- Born: 1939 Sheikhupura, Pakistan
- Died: 7 October 2010 (aged 70–71) Lahore, Pakistan
- Occupations: Poet; teacher;
- Children: 2
- Awards: Tamgha-e-Imtiaz

Academic background
- Alma mater: University of the Punjab; Punjab University Oriental College; Government College, Lahore;

Academic work
- Institutions: Government College, Faisalabad; Government College, Lahore;

= Anis Nagi =

Pakistani writer (1939–2010)

Anis Nagi (1939–2010) was a Pakistani poet, novelist and critic who lectured at the Government College, Faisalabad and Government College, Lahore.

== Early life and education ==
Nagi was born in 1939 in the Punjabi city Sheikhupura and studied at Muslim High School No 2 before attending Government College, Lahore and MA in Urdu (First Class First-Gold Medalist) from Punjab University Oriental College. He earned his PhD from the University of the Punjab.

Whilst lecturing at Government College, Faisalabad and Government College, Lahore, Nagi passed the Pakistan Civil Service exam and became a member of the 1965 batch, eventually reaching grade 21 before he retired.

== Works ==
Nagi was at the forefront of the Urdu Literary Movement in the 1960s and authored 79 books including poetry, novels, translations, short stories, and critical reviews. He worked on Iqbal, Manto, Ghalib and Bulleh Shah and was one of the pioneers of Azad Nazam and Nayee Shairie.

==Death and legacy==
Nagi died on 7 October 2010 in Lahore after suffering a cardiac arrest and directed that his books be donated to the Punjab Public Library.
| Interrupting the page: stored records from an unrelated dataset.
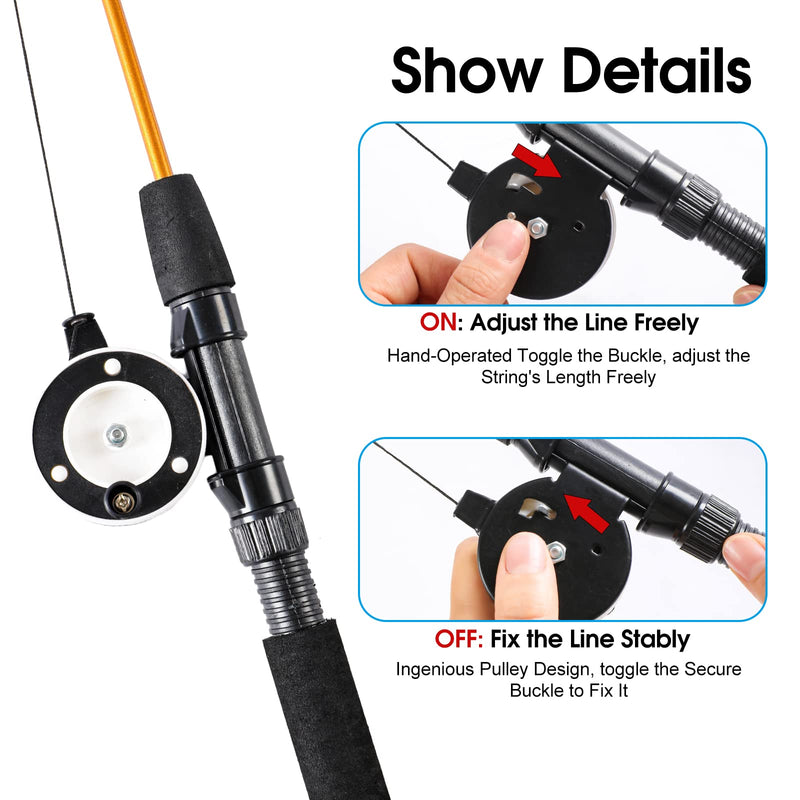 9 PCS Cat Fishing Pole Toy, Retractable Cat Feather Toys with Cat Wand Plush Fish Worm Feathers with Bells Catnip Interactive Cat Teaser Toys for Kitten Cat 9PCS CAT FISHING POLE TOY - BeesActive Australia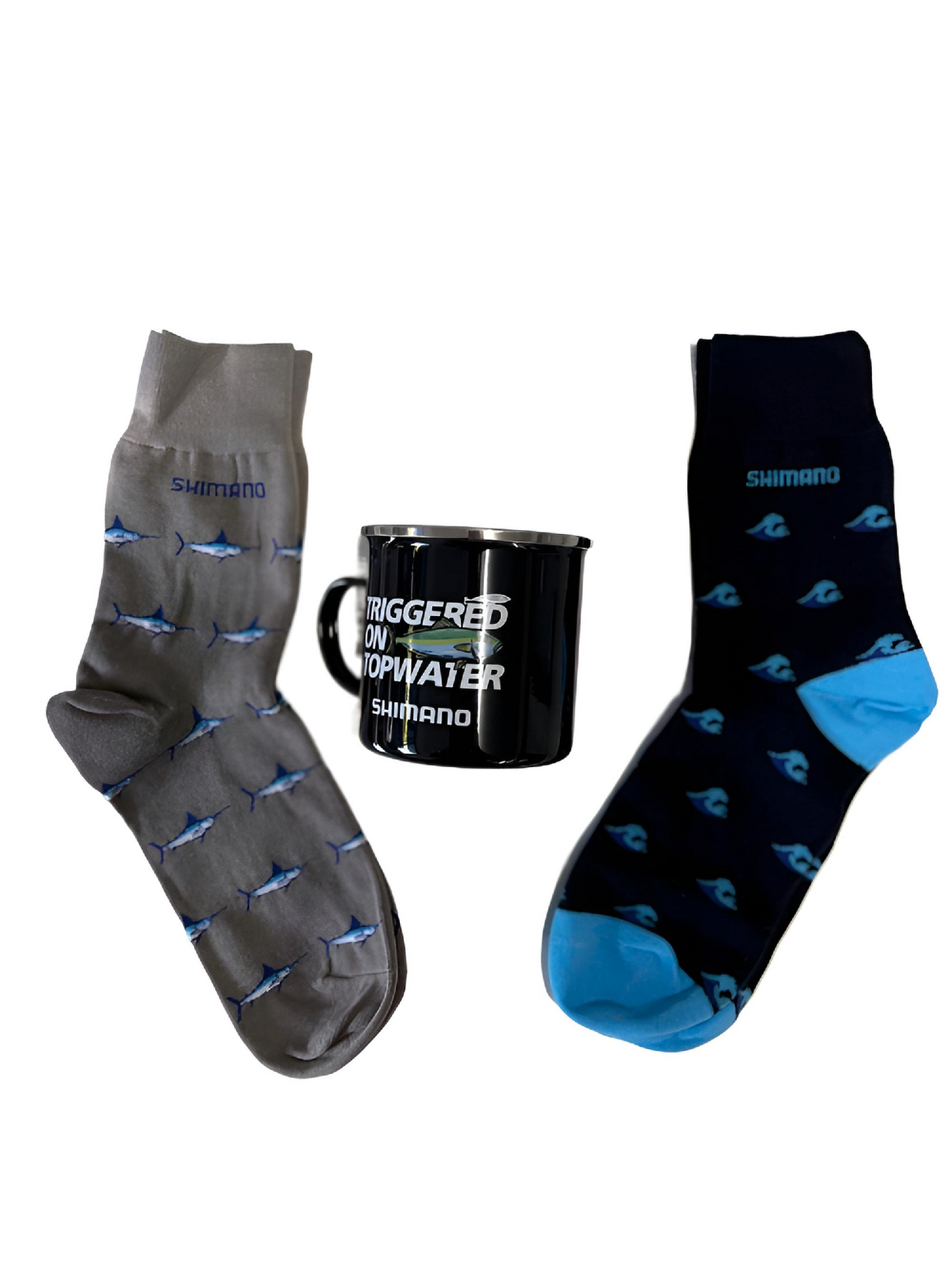 Shimano Enamel Mug + 2 Pairs Dress Socks Sz 9-11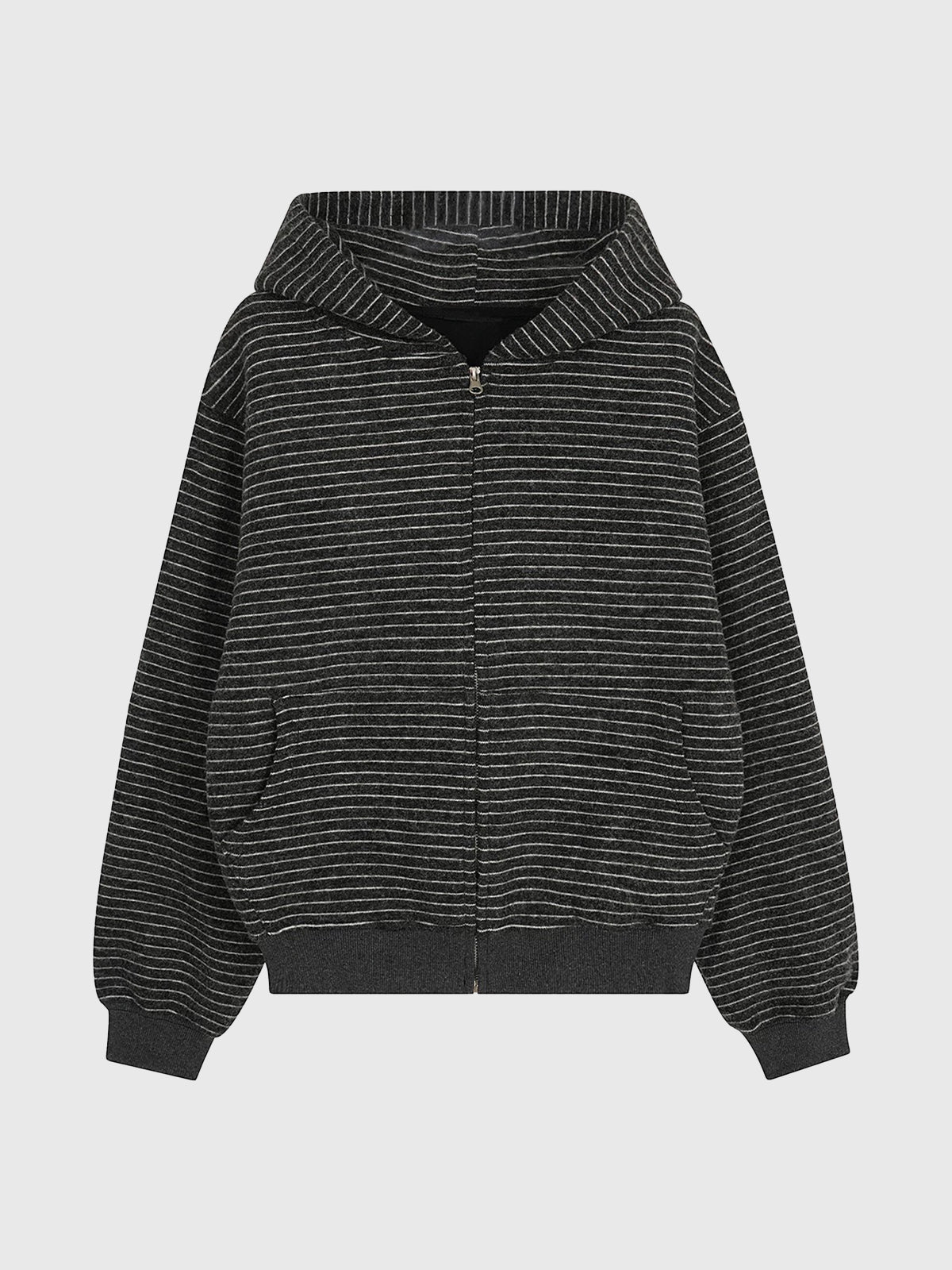 Co-ed Dorm Baggy Striped Zip-up Hoodie - Black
Nagi was posthumously awarded Tamgha-e-Imtiaz by the Government of Pakistan in 2022 for his work in literature.

== Selected works==
- "Modern Urdu poems from Pakistan. Translated and edited by Anis Nagi" (1974)
- "Modern Urdu Stories from Pakistan" (1982)
- Anīs Nāgī. 1969. Shiʻrī Lassāniyāt. Lāhaur: Kitābiyāt.
- انىس ناگى and انيس ناگى. 1984. سعادت حسن منٹو. Lāhaur: جمالىات،.